D’après cette étude indubitablement fiable citant entre autres un certain Ben Bernanke devenu tristement célèbre par la suite,
la France (c’est à dire les gens de la Banque de France et les hommes politiques de l’époque) aurait été la cause principale de la plus grande crise des temps modernes en achetant massivement de l’or à partir des réserves de changes à la fin des années
20.
En 1932, la Banque de France détenait dans ses
réserves une quantité d’or qui représentait plus de la moitié de la masse monétaire (M2 qui était en fait peu différent de M3), ce qui correspondait à 27 % des réserves mondiales d’or !

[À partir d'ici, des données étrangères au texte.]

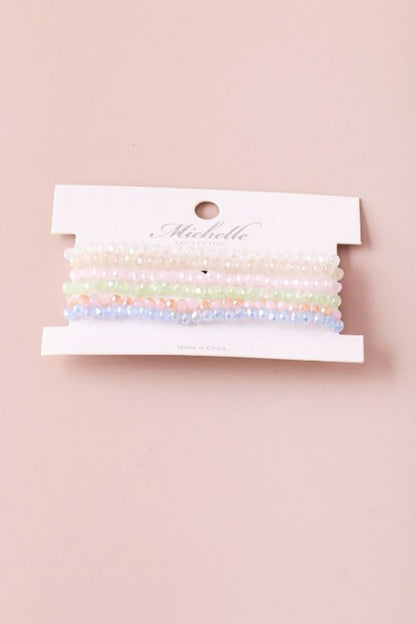 Crystal bead stackable bracelet set image 1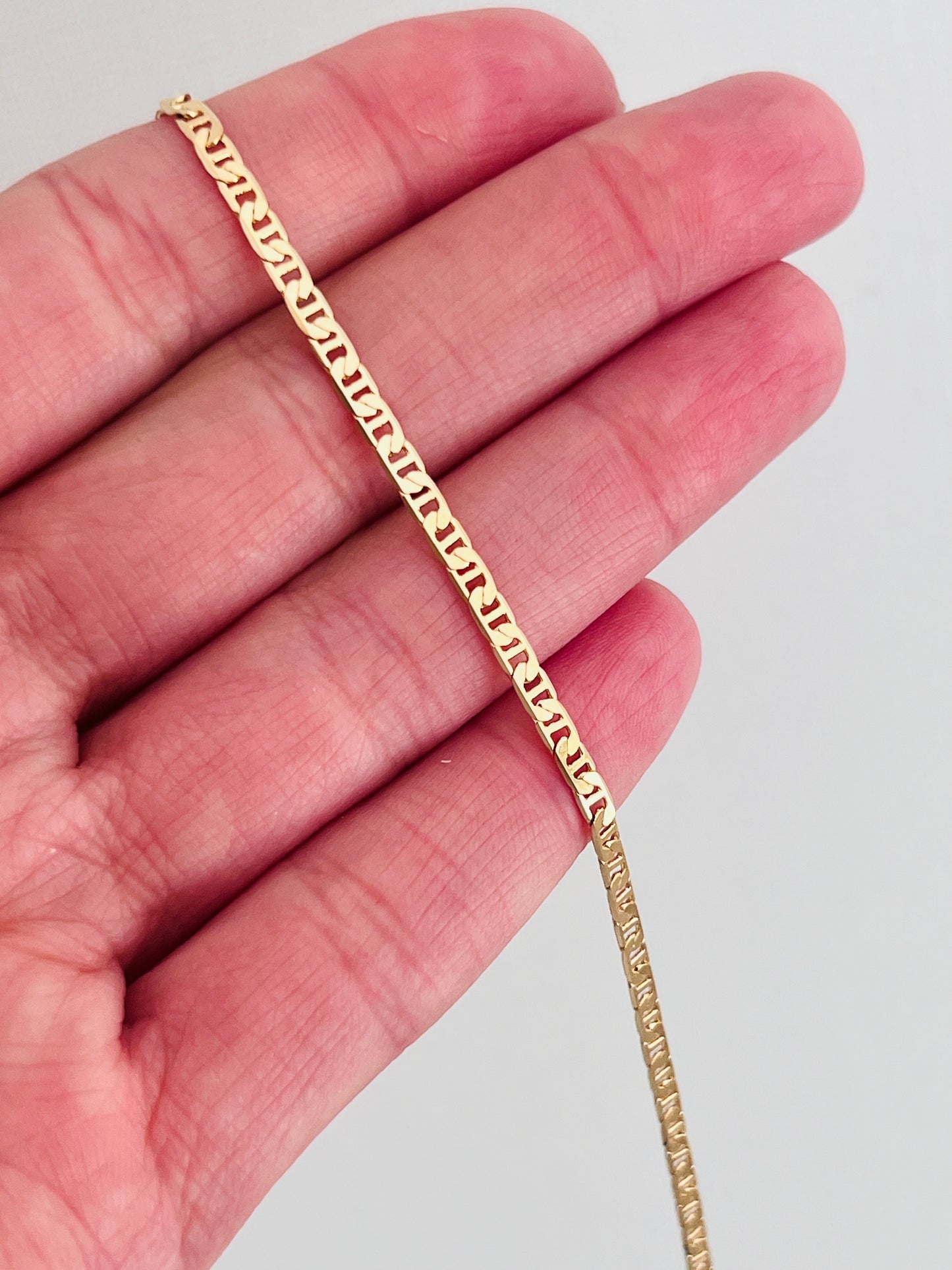 Gold Filled 2mm Mariner Link Anklet – 18K Gold | 9.75" Dainty Chain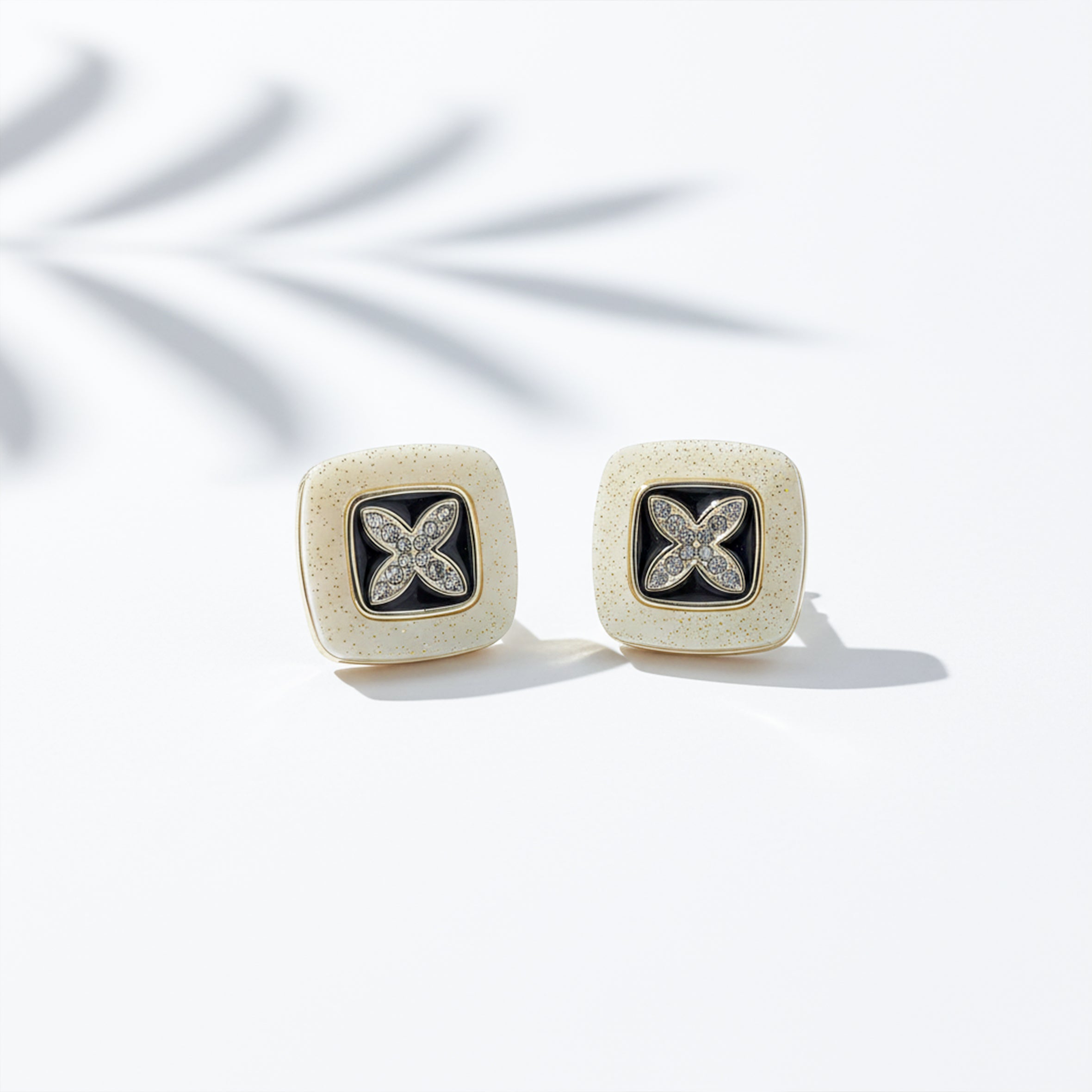 Ivory Noir Blossom Luxe Stud Earrings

Cet argent gagné (à partir
de la production de richesses et des excédents de la balance commerciale) et épargné a donc été massivement retiré du circuit économique, c’est-à-dire stérilisé, sans pouvoir être prêté à
d’autres (des investisseurs créateurs de richesses ou des Etats trop dépensiers redistributeurs de richesses qu’ils n’ont pas créées).
Ce maudit Keynes avait (quand même) raison de soutenir que l’optimum économique ne pouvait être atteint qu’en transformant
l’épargne en investissement (S = I).
L’argent gagné non prêté a manqué aux entreprises qui ont moins investi, l’activité a ralenti, les prix ont diminué,
la déflation s’est installée et amplifiée, surtout aux Etats-Unis et en Allemagne où elle a permis au
socialisme nationaliste de se développer, ce qui a conduit à la Seconde guerre mondiale.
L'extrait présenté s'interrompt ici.